Zdrowie w powiecie / Zastrzyk na śmierć?

Przez 6 lat radni powiatu z satysfakcją wysłuchiwali sprawozdań finansowego SP ZOZ, bo zawsze plusował, a dyrektor Sobolewski inkasował zasłużone premie finansowe. Aż tu niespodziewanie za 2006 rok strata urosła do 1,7 mln złotych, a tylko w pierwszym kwartale długi osiągnęły 962 tysiące. Zarząd powiatu postanowił jednak dać dyrekcji rozgrzeszenie, ale z klauzulą, że wzrost zadłużenia jest naganny i wymaga programu naprawczego.

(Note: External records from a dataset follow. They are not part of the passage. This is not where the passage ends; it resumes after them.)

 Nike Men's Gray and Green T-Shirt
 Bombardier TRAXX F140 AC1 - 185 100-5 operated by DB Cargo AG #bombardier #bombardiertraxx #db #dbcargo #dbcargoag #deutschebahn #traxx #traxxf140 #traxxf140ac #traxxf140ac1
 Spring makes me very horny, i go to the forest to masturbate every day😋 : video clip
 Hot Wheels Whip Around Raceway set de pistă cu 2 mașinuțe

- To jest fikcja, byśmy sami finansowali inwestycje - bronił się dyrektor Sobolewski, przytaczając dane, że z 15,2 mln zł włożonych w szpital, sam ZOZ pokrył 6,6 mln, tj. co piątą złotówkę. Poza tym realizacja ustawy 203-złotowej dla 760 pracowników to 2,5-milionowe obciążenie w skali roku.

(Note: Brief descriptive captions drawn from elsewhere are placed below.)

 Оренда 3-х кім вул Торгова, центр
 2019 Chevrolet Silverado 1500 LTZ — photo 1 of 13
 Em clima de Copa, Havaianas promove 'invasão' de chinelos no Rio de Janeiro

- Ale ZOZ przetrwa największe wichury, bo się zawsze zbilansuje jako duża instytucja, a 12 tysięcy pacjentów nie da się zepchnąć do Siedlec i Warszawy - argumentował dyrektor Sobolewski w kontekście problemów na oddziale wewnętrznym i prób oddzielenia się przychodni przy ul. Kościuszki.
Na zarzuty, że nie chce rozmawiać z lekarzami, też miał wytłumaczenie, bo przychodzi do niego tylko trzech, i to wystawiających trefne recepty lub spóźniających się do pracy. Potwierdził jednak bezkrólewie na internie i odmowę lekarzy, którym chciał powierzyć funkcję ordynatora. Ma też receptę na obecne dolegliwości - ukończenie budowy oddziału ratunkowego, dzięki któremu miński szpital wejdzie do sieci. Można też pozwolić na zadłużenie się ZOZ-u, jak to czyni wiele samorządów, m.in. siedlecki.

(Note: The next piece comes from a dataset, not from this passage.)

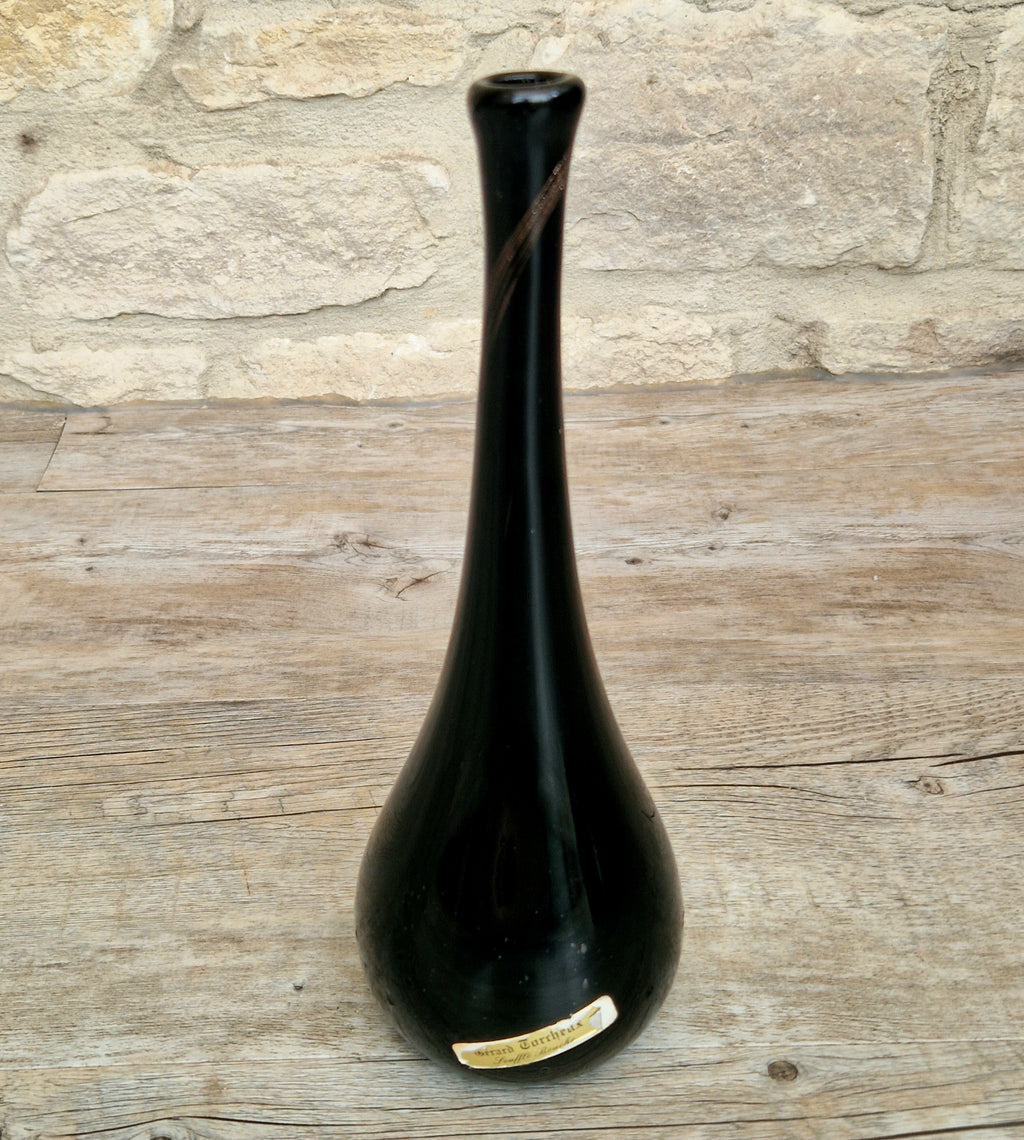 Gérard Torcheux Midcentury Amethyst Black Glass Teardrop Vase French Studio Glass Original Label. 1970s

- Jeśli długi uzdrowią szpital, to powinniśmy na nie pozwolić - zaproponował radny Kojro.
- Jak to możliwe, że macie wzrost majątku i usług oraz spadek zobowiązań, a w efekcie wynik finansowy ujemny? - dopytywał radny Kikolski.
- Nie prowadzimy kreatywnej księgowości - odcięła krótko księgowa Zofia Murawska.
Wnet okazało się, że pretensje radnych wyssane są z palca, a ich obawy o bezpieczeństwo chorych - nieuzasadnione, bo nawet nocą 12 lekarzy jest do dyspozycji pacjentów.
Wcale to nie znaczy, że ZOZ nie wymaga pomocy, którą publicznie zadeklarował starosta Tarczyński. Na dowód zaproponował zmiany w budżecie i pożyczkę, by za pół miliona ratować budowę oddziału ratunkowego, a za 1,2 mln zł zbudować na terenie szpitala kanalizację sanitarną i deszczową.
To jeszcze nie koniec kłopotów finansowych, gdyż wyposażenie SOR to bagatela 2,6 miliona. A na roboty dodatkowe i specjalny wyjazd wezmą 600 tysięcy z funduszy drogowych.
Radnych zainteresowała tak duża kwota pożyczki, a gdy się dowiedzieli, że szpital miał szansę skorzystać z tzw. pieniędzy norweskich - wszczęli dochodzenie.
- Szpital współpracował z firmą, która się nie wyrobiła w czasie - wyjaśnił wicestarosta Michalik.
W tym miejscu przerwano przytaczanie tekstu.